Poi mi sono trasferita a Firenze dove ho vissuto per molti anni. Nel 1995 ho pubblicato Via Aldini,  mentre vivevo in uno stabile occupato; sono venute la Bettarini e Gabriella Maleti, oltre a Giancarlo Cauteruccio di “Kripton”, allora direttore del teatro di Scandicci, anche lui cosentino, sotto una pioggia torrenziale. Via Aldini edizioni Gazebo è del 1995.
Nel 1997 sono ritornata a Cosenza dove per dieci anni sono stata responsabile delle attività culturali del Centro di Informazione Sessuale del Comune di Cosenza. Nel  2001 è uscito per Edizioni Meridionali  Chimica sentimentale, risultato del nuovo matrimonio (mater ed ammonio) e degli studi su sessualità  e l’amore (cancellare dal vocabolario la parola amore). Questo mentre il mio ruolo professionale ed educativo mi imponeva certezze che non possedevo. Su Chimica sentimentale ho provato a dire le cose come in realtà stavano, almeno  per me. Bisognava estrarre come un succo la poesia dalla vita.  E s’è visto: ce n’era poca.

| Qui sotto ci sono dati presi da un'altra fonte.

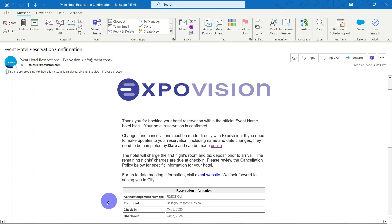For reference, the passkey acknowledgement is located on the top of the confirmation you received via email when the reservation was booked.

La raccolta Lisa ama il bluesè uscita nel 2005 con la casa editrice autogestita e di cui ho fatto parte, inaugurandone la collana di poesia, Coessenza.  Ho pubblicato diversi racconti e poesie inedite su riviste come  “Salvo Imprevisti”, ora “Area di Broca”, su “Poesia”, “Jnonja”, “ Capoverso”, “Quaderni del poeta”, “Teatro Rendano” etc.
Mi sono riavvicinata alla poesia e alla scrittura negli ultimi quattro anni. Nel frattempo  ho iniziato a praticare seriamente il buddismo, non come religione, ma come fede in una dimensione spirituale  in cui credo e a cui mi affido, con qualche  temporaneo sbandamento e caduta. Sulla mia esperienza di pratica del buddismo ho scritto un  testo ancora inedito: Daimoku. Ho scritto un testo teatrale: Sedare dolerem divinum est che non riesco a finire anche se è finito”.